CN221186428U - Fixing clamp for mechanical load test of photovoltaic module - Google Patents

Abstract

The application relates to a fixing clamp for mechanical load test of a photovoltaic module, which comprises a bracket and a support plate arranged on the bracket, wherein two baffles are connected to the support plate in a sliding manner, and a transmission assembly for driving the baffles to slide along the length direction of the support plate is arranged below the bracket; the clamping tool effectively solves the problem that the existing clamping tool cannot be adapted to photovoltaic modules with different lengths and thicknesses, so that convenience is low.

Description

Fixing clamp for mechanical load test of photovoltaic module

Technical Field

The application relates to the field of fixing clamps, in particular to a fixing clamp for mechanical load testing of a photovoltaic module.

Background

The mechanical load test of the photovoltaic module is a test method for testing the performance and stability of the solar photovoltaic module under a certain mechanical load. The mechanical load includes both a forward load and a reverse load. The forward load refers to the load applied to the surface of the photovoltaic module perpendicular to the module plane, and the reverse load refers to the load applied to the back of the photovoltaic module.

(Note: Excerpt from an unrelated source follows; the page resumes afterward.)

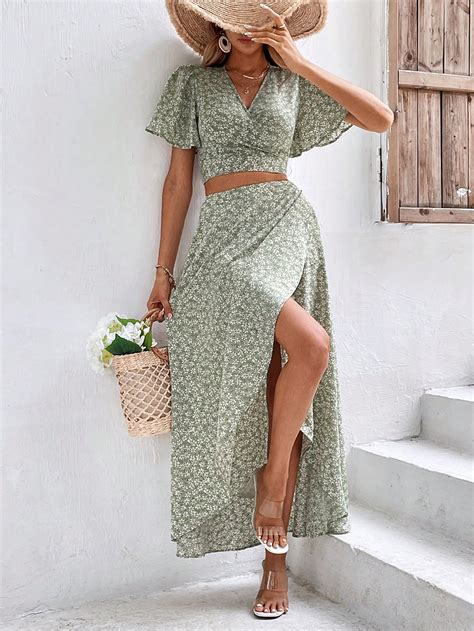 SHEIN Frenchy Boho Vrolijke Bloemetjes Dames Tweedelige Outfits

In the load test, the photovoltaic module is required to be clamped and positioned so as to prevent the photovoltaic module from displacement to influence the test result, however, the photovoltaic module has various different specifications, the length and the thickness of the photovoltaic module of each specification are different, when the photovoltaic module with different lengths and thicknesses is positioned by using the existing clamping tool, the clamping tools with different lengths and thicknesses are required to be replaced according to the lengths and the thicknesses of the photovoltaic modules to be tested, and the convenience is low.

Disclosure of utility model

In order to solve the problem of low convenience of the existing clamping tool, the application provides a fixing clamp for testing the mechanical load of a photovoltaic module.

The application provides a fixing clamp for mechanical load test of a photovoltaic module, which adopts the following technical scheme:

The fixing clamp for the mechanical load test of the photovoltaic module comprises a bracket and a supporting plate arranged on the bracket, wherein two baffles are connected onto the supporting plate in a sliding manner, and a transmission assembly for driving the baffles to slide along the length direction of the supporting plate is arranged below the bracket; the two opposite side walls of the baffle are respectively provided with a pressing plate, the baffle is provided with a placing groove, and a locking piece for locking the pressing plates is arranged in the placing groove.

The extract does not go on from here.